- Born: 23 August 1922 Finsterwalde, Brandenburg, Prussia, Germany
- Died: 9 March 2022 (aged 99) Berlin, Germany
- Occupations: Journalist and author
- Organizations: Maariv
- Awards: Moses Mendelssohn Prize; Rahel Varnhagen Medal; Carl von Ossietzky Prize; Honorary citizen of Berlin;

= Inge Deutschkron =

German-Israeli journalist and author (1922–2022)

Inge Deutschkron (ינגה דויטשקרון; 23 August 1922 – 9 March 2022) was a German and Israeli journalist and author. She experienced the Nazi regime as a girl and young woman, living in Berlin first working in a factory, then hiding with her mother.

After World War II, she travelled the world, and became a journalist. In 1958, she was hired as a correspondent by the Israeli newspaper Maariv. After reporting from the Frankfurt Auschwitz trials in 1963, she became an Israeli citizen and moved to Tel Aviv in 1972. She worked as a journalist until 1988, dedicated to international and Middle East politics. She lived as a freelance writer in Tel Aviv and Berlin, where she was active keeping alive the memory of the Holocaust, especially the silent heroes who helped Jews during the time. Her 1978 autobiography I Wore the Yellow Star was adapted to a stage version by the Grips-Theater in Berlin.

== Life ==
Deutschkron was born in Finsterwalde, the daughter of Ella and Martin Deutschkron. Her father was a Jewish secondary school teacher, who moved the family to Berlin in 1927, but by 1933 was fired by the Nazi regime. He was able to take refuge in Great Britain in 1939, leaving his wife and daughter in Berlin.

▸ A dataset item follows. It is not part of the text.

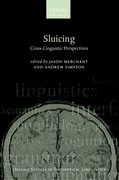 Cover for Sluicing: Cross-Linguistic Perspectives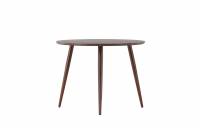 Sanford spisebord &Oslash;100cm MDF brun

Between 1941 and 1943, Deutschkron worked for Otto Weidt in his brush workshop for mainly deaf and blind workers (a large proportion of whom were Jewish), and it was with his help that Deutschkron managed to evade deportation. From January 1943, she lived illegally in Berlin, hiding with her mother in order to survive.

After World War II, Deutschkron and her mother moved to London in 1946 joining her father, where she studied foreign languages and became a secretary to the Socialist International organisation. From 1954 she traveled to India, Burma, Nepal and Indonesia before eventually returning in 1955 to Germany, where she worked in Bonn as a freelance journalist.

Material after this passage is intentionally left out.